64-bit POSIX system.
POSIX has nothing to do with CPU features related to chunked data copying
Let's assume the processor cache contains my array
It would save from the main memory trip while executing copy instruction, but does not affect the order of the Big O notation.
the registers are 64+ bits long.
Even if you have AVX512 support on you architecture with 512 bits wide zmm
registers and JDK 9+ (AFAIK runtime is aware of AVX512 starting JDK 9+) it would allow you to copy 8 packed 64-bit integers per one instruction, but does not affect the order of complexity.
So to copy, say, 1024 64-bit integers you would require to execute at least 128 vector instructions again yielding O(n)

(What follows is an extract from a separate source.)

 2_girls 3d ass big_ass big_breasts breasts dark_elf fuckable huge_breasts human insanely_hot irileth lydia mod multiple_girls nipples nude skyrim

complexity, but with lower constant.
HotSpot implementation note:
The architecture-dependent code for arraycopy
implementation is generated on JVM global bootstrapping "phase" here StubRoutines::initialize2
.
Particular the chunked copy routine code generation is done in the platform dependent section of HotSpot code with copy_bytes_forward function (it is done with HotSpot's own Macro Assembler implementation).
The crucial parts of it is the CPU feature checks like
if (UseAVX > 2) {
__ evmovdqul(xmm0, Address(end_from, qword_count, Address::times_8, -56), Assembler::AVX_512bit);
__ evmovdqul(Address(end_to, qword_count, Address::times_8, -56), xmm0, Assembler::AVX_512bit);
} else if (UseAVX == 2) {
__ vmovdqu(xmm0, Address(end_from, qword_count, Address::times_8, -56));
__ vmovdqu(Address(end_to, qword_count, Address::times_8, -56), xmm0);
__ vmovdqu(xmm1, Address(end_from, qword_count, Address::times_8, -24));
__ vmovdqu(Address(end_to, qword_count, Address::times_8, -24), xmm1);
} else {
//...
}
which produces the code based on the available CPU features. The features detector is generated and called earlier in architecture dependent generator generate_get_cpu_info based on cpuid
instruction.